Hard to beat a real National,National Resophonic comes close
espeacilly with the latest models(Tricones not withstanding)

you might want to try these ones! 

http://www.buskerguitars.co.uk/

some really good people running it

Kenny,




http://www.myspace.com/clarksdalemoan


----------



## Stevo (Apr 3, 2008)

I have a Republic Duolian and for the money, they are great. Definitely not a National but they are better than the other lower line ones I tried (Johnson, Regal, etc). They sound more 'Dobro'ish than a National. Not necessarily worse, just different. I am sure a lot of that has to do with the Continental cone. I am going to try a National cone in it and see how that is.


----------



## Stephen W. (Jun 7, 2006)

Lincoln said:


> I'm hot for a stainless resonator.....tricone if I can find one...


"Stainless"??? I don't so. You're talking about getting an RM-991 which is nickel/silver plated bell brass.

I've played them in stores and they sounded quite nice. However, I'm a fingerstyle player who only knows a few blues riffs. I've never got the hang of using a slide even though I've owned an OMI Dobro for decades. Also, my brief exposure doesn't answer your questions about build quality. My suggestion is to test drive as many brands as you can, both new and used before buying.

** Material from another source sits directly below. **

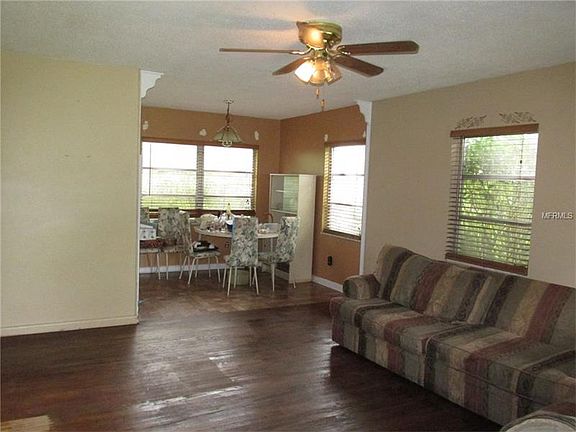 5th image of 1821 Carrington Dr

On a similar vain, zontar started a thread "How National Resonators are made" with this link to Acoustic Guitar magazine's article.

the Dreamer
(a.k.a. Guitar Dreamin' Stephen)
Living life on the edge. Less crowded, better view.


----------



## ccuwan (Jul 9, 2008)

oops wrong thread


----------



## neogardguitar (Dec 6, 2007)

Lincoln

Just my experience...but at one point I was also gassing for a steel body. I tried a whole bunch mostly Nationals and I came to the conclusion they were not for me. Just didn't work.

So, my advice is to try a couple just to make sure it's going to work for you.

For what it's worth.

Neil


----------